(Records from a data source)
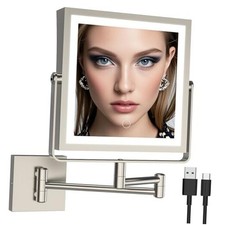 Rechargeable Wall Mounted Makeup Mirror with Lights, Double Brushed Nickel
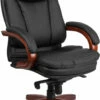 High Back Black Leather Executive Swivel Chair With Synchro-Tilt Mechanism, Mahogany Wood Base And Arms - By Flash Furniture - Madison Seating -furniture Shop High Back Black Leather Executive Swivel Chair with Synchro Tilt Mechanism Mahogany Wood Base and Arms by Flash Furniture
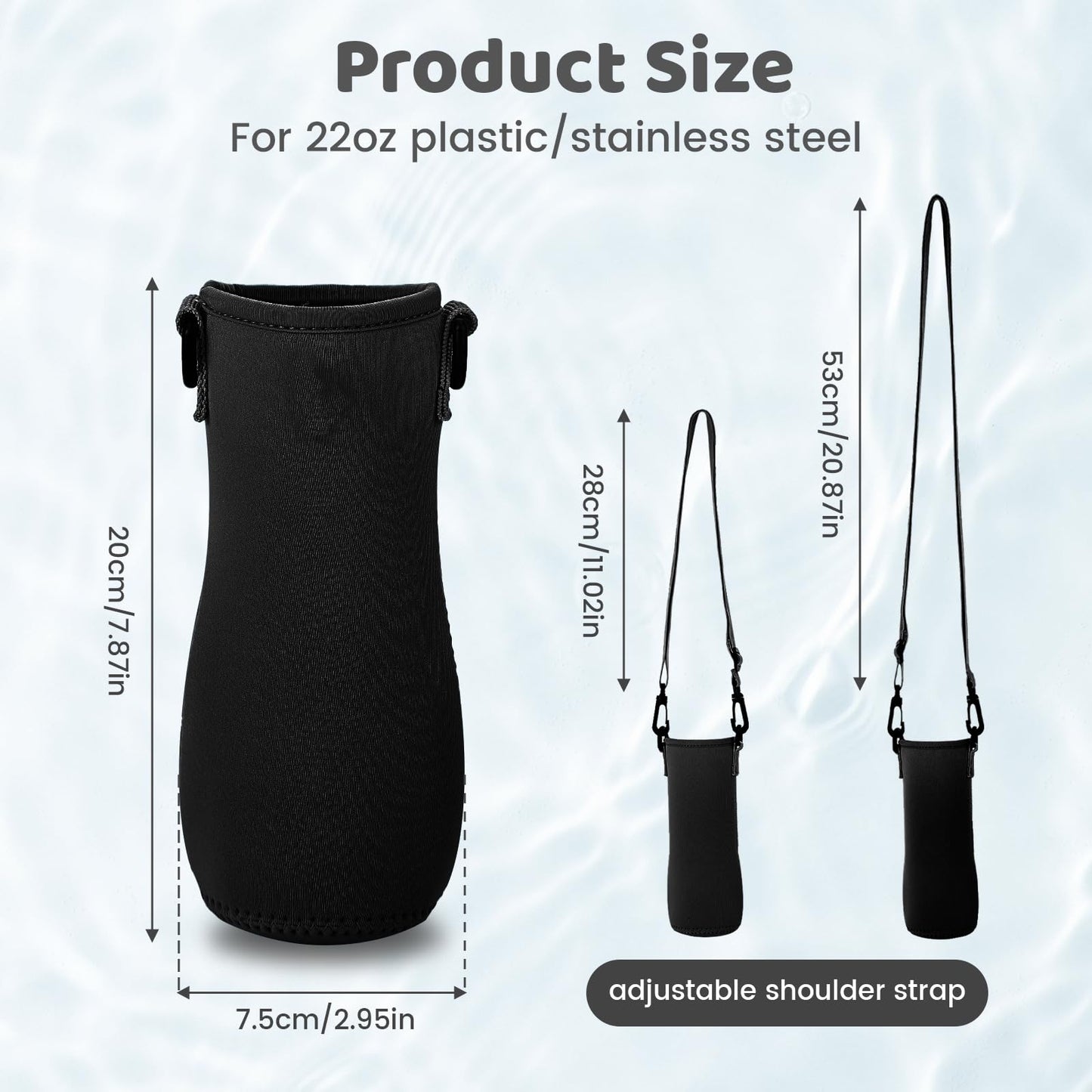 2Pcs Sleeve for 22oz Cirkul Water Bottle,Neoprene Water Bottle Sleeve for 22oz Cirkul Tumbler with Shoulder Strap,Water Bottle Cover Compatible with 22oz Cirkul Stainless Steel&Plastic Water Bottle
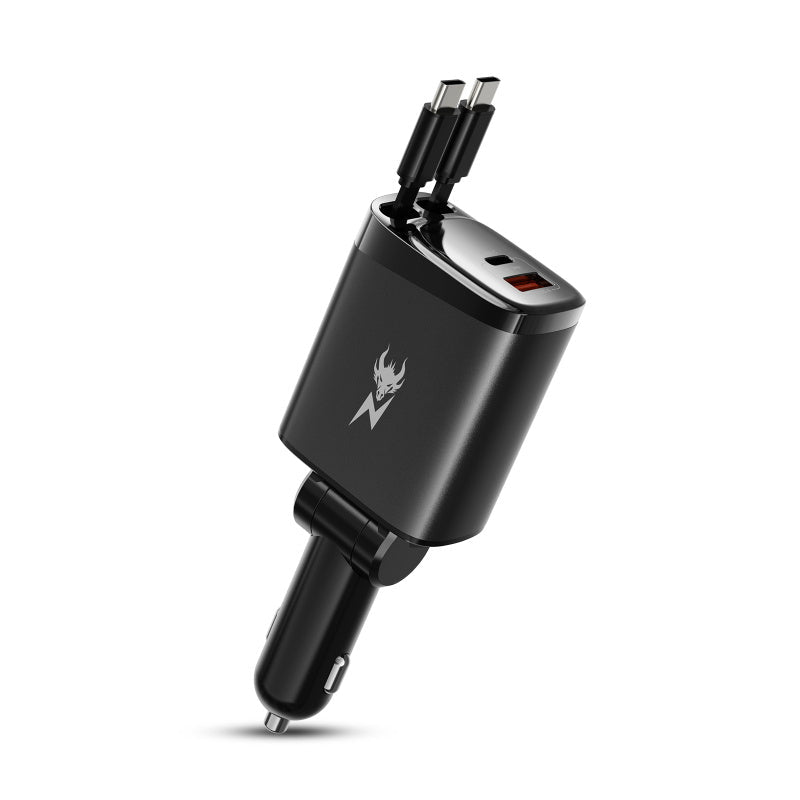AmpNergy Speedemon 105+ Dual - Port Car Charger with Dual Retractable USB - C Cables - BlackMyBat Pro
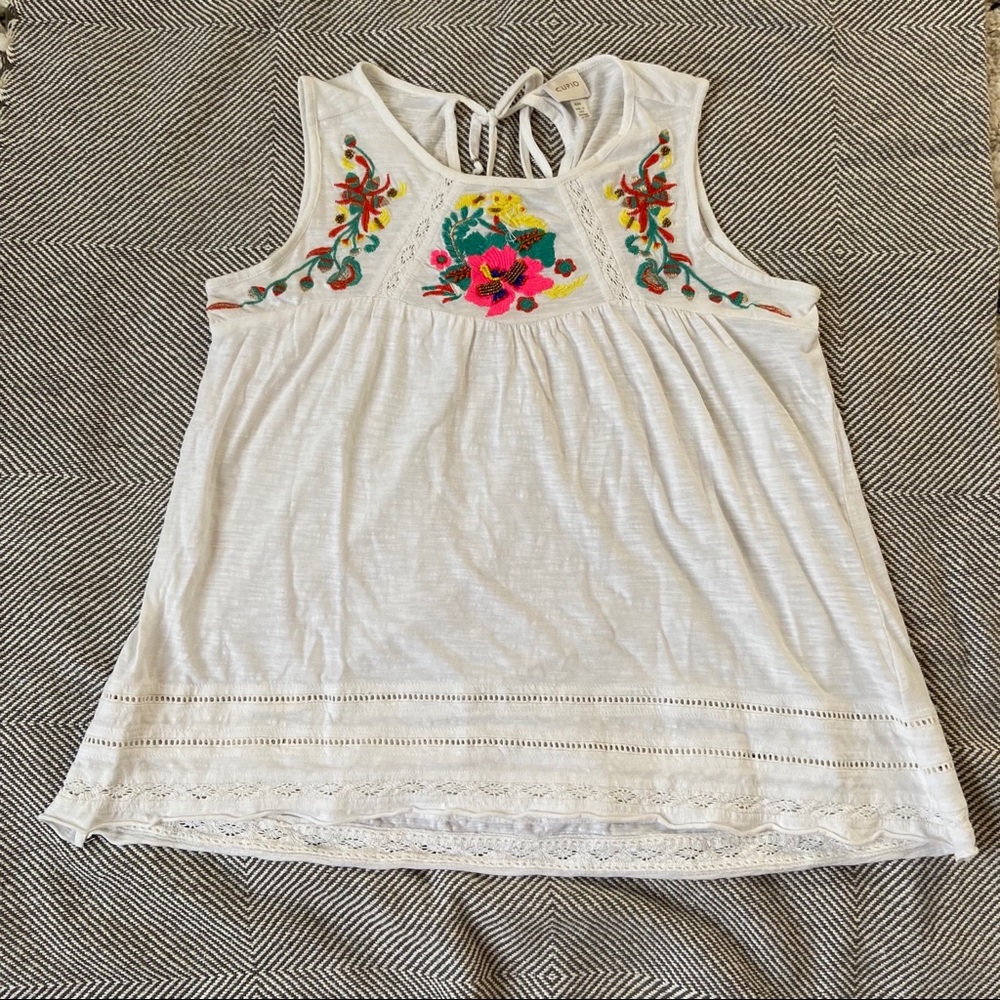 CUPIO Women’s embroidered and beaded tank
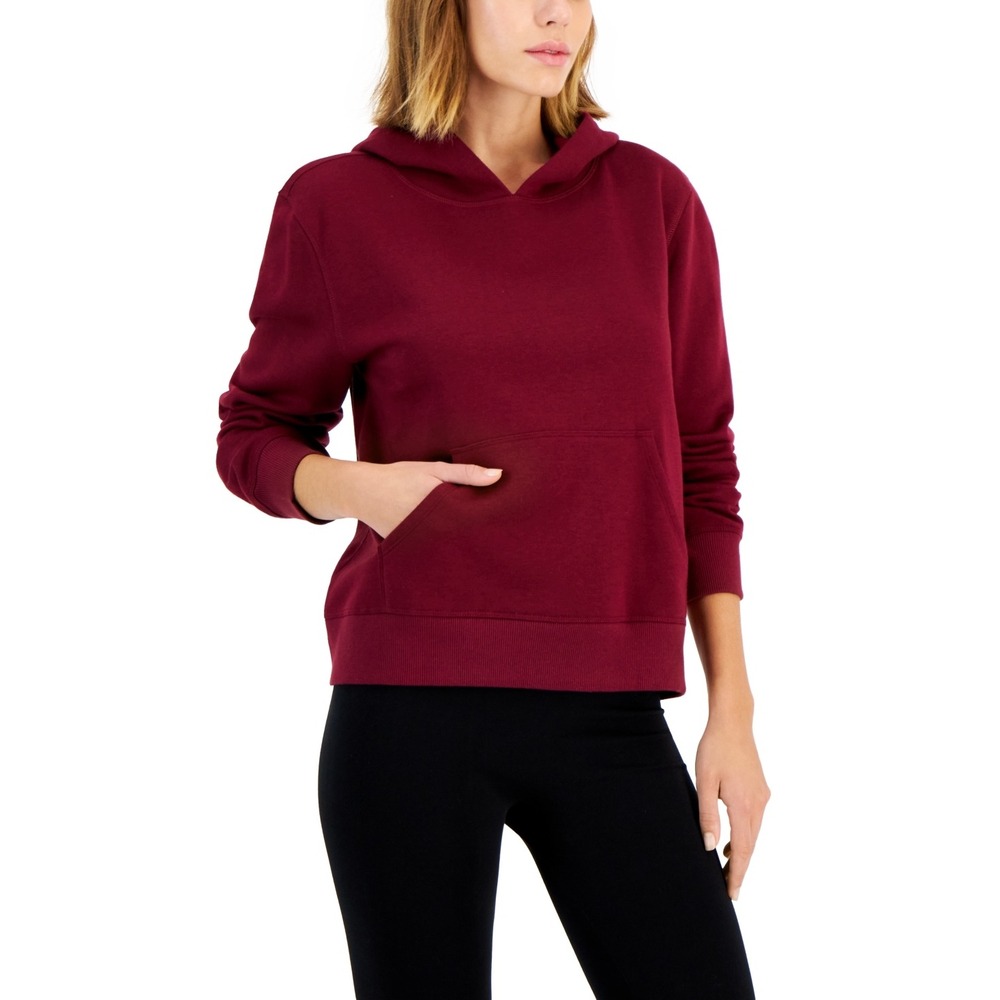 ID Ideology Women's Solid Sweatshirt Hoodie, Regular & Petites - Malbec Size PP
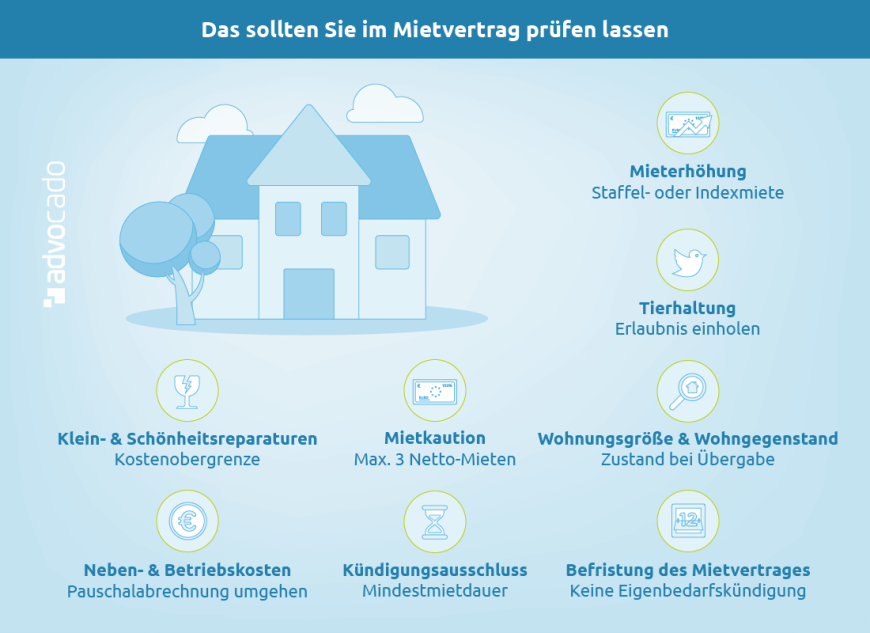 Infografik: Diese Klauseln sollten Sie im Mietvertrag prüfen lassen.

Problem requirements
Exactly restate the lines from the one holding "2Pcs Sleeve for" to the final line of the records above, including both and excluding pictures.

Task result
 2Pcs Sleeve for 22oz Cirkul Water Bottle,Neoprene Water Bottle Sleeve for 22oz Cirkul Tumbler with Shoulder Strap,Water Bottle Cover Compatible with 22oz Cirkul Stainless Steel&Plastic Water Bottle
AmpNergy Speedemon 105+ Dual - Port Car Charger with Dual Retractable USB - C Cables - BlackMyBat Pro
 CUPIO Women’s embroidered and beaded tank
 ID Ideology Women's Solid Sweatshirt Hoodie, Regular & Petites - Malbec Size PP
 Infografik: Diese Klauseln sollten Sie im Mietvertrag prüfen lassen.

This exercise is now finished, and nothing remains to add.